Why `int(0) and boolean` returns `int(0)` instead `boolean(false)`?

Question

Specifically (I don't know if it can happen in others case), when I do int(0) && boolean with myString.length && myString === "true" when myString = "", it returns 0 instead of returns a boolean.

alert((function() {
    var myString = "";
    return myString.length && myString === "true";
})());

I know that I can fix it by do myString.length !== 0 or casting with Boolean.
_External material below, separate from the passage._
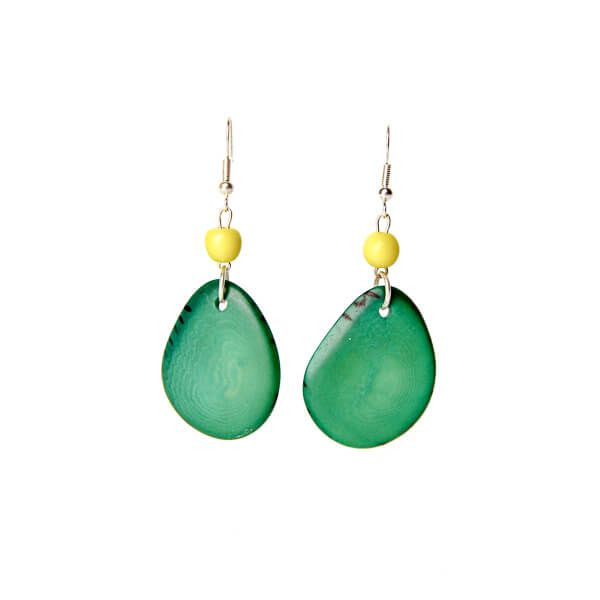 Bijou d'oreilles tranches vert foncé et perles d'ivoire végétal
But I like to understand why && don't force cast the left side to boolean.

Live example: http://jsfiddle.net/uqma4ahm/1/

Answer 1

The && operator yields the left hand value if it is false-y¹ and the right-hand value otherwise. (Unlike some languages, it is not guaranteed to evaluate to true or false!)

TTL for A && B:

A         B     (A && B)
false-y   -     A
truth-y   -     B

To make sure that only true or false is returned, it is easy to apply (double) negation:

return !!(myString.length && myString === "true")

or, equivalently

return !(!myString.length || myString !== "true")
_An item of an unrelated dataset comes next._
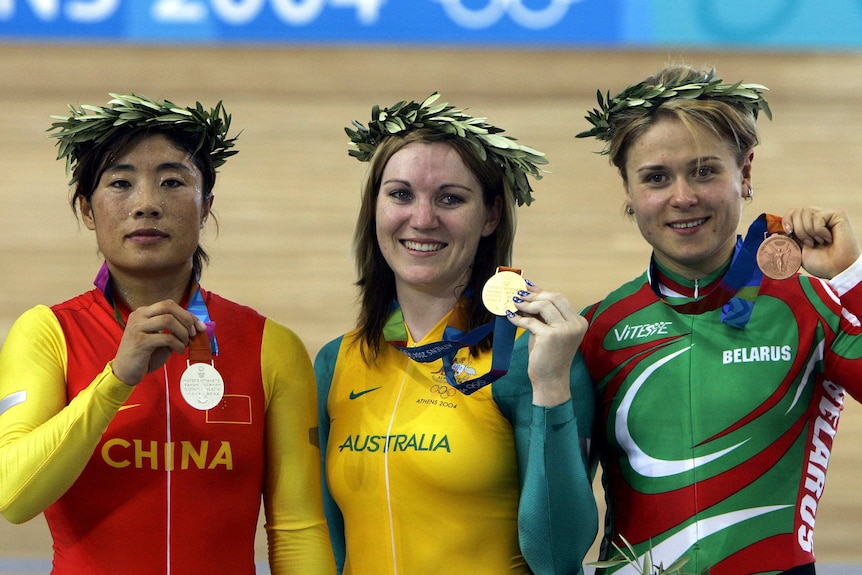 Australia's Anna Meares (C) and medallists in 2004 women's Olympic 500m time trial in Athens.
Here is the negation TTL which leads to deriving !!(false-y) => false and !!(truth-y) => true.

A         !A      !(!A)
false-y   true    false
truth-y   false   true

---

¹ In JavaScript the false-y values are false 0, "", null, undefined, NaN. While everything else is truth-y.

Answer 2

The && operator in JavaScript returns the actual value of whichever one of its subexpression operands is last evaluated. In your case, when .length is 0, that expression is the last to be evaluated because 0 is "falsy".
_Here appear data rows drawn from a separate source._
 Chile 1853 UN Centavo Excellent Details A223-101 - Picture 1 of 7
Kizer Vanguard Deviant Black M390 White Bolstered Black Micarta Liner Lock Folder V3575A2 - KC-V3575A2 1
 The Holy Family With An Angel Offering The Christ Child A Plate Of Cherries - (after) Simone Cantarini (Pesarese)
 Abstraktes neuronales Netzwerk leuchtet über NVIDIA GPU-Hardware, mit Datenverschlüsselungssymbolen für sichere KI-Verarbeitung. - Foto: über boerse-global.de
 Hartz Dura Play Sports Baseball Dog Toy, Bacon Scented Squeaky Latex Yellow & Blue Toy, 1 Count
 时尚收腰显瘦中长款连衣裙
The operator does perform a coercion to boolean of the subexpression value(s), but it only uses that result to determine how to proceed. The overall value of the && is thus not necessarily boolean; it will be boolean only when the last subexpression evaluated had a boolean result.

This JavaScript behavior is distinctly different from the behavior of the similar operator in C, C++, Java, etc.